Скачками двигаюсь в коридор, останавливаюсь на площадке у телевизора, совсем крепких больных в нашем коридоре нет, однако ходячих хватает, и два паренька говорят мне:
– Мы сейчас.
Они встают, направляются потихоньку к нашей палате, глаза Гвидониюса сияют, пареньки поднимают его вместе с койкой и ставят на мою и соседнюю койку. Теперь Гвидониюс висит высоко, повернуть его, стонущего, на бок могу и я, уцепившись одной рукой за изножье койки; мы открываем окно, и Гвидониюс затихает, устремив взгляд на желтеющее вдали поле, на шоссе, по которому все снуют и снуют машины.
– Хорошо им, – говорит Гвидониюс, – идут, летят, куда захочется…
Его глаза замечают вдалеке человека, Гвидониюс провожает его, пока тот не исчезает из поля зрения.
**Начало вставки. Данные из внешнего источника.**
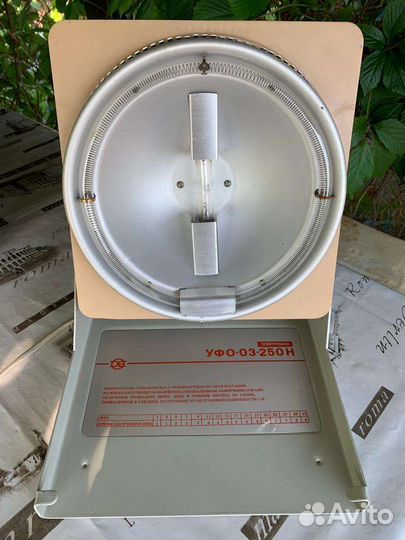 Кварцевая лампа бактерицидная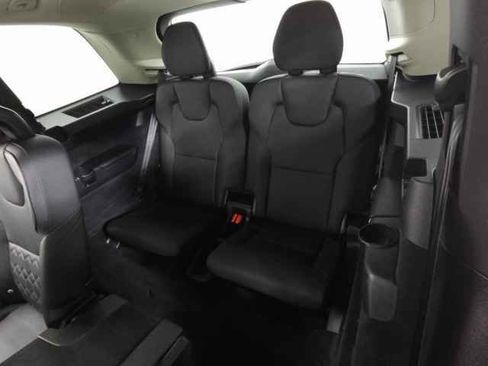 New 2025 Volvo XC90 T8 Plus w/ Protection Package Premier image 32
Гвидониюс хочет приподняться, чтоб не упустить из виду идущего человека, но только стонет, приподняться он не может, придется довольствоваться тем, что видел, а я знаю, что мне теперь делать. Я говорю:
– Он идет дальше, уже дошел до кольца, пропустил грузовик…
– Чтоб только под машину не угодил…
– Нет. Пропустил, вот еще и второй, теперь он уже на той стороне шоссе, остановился, где автобусов ждут, автобус подъехал, человек зашел…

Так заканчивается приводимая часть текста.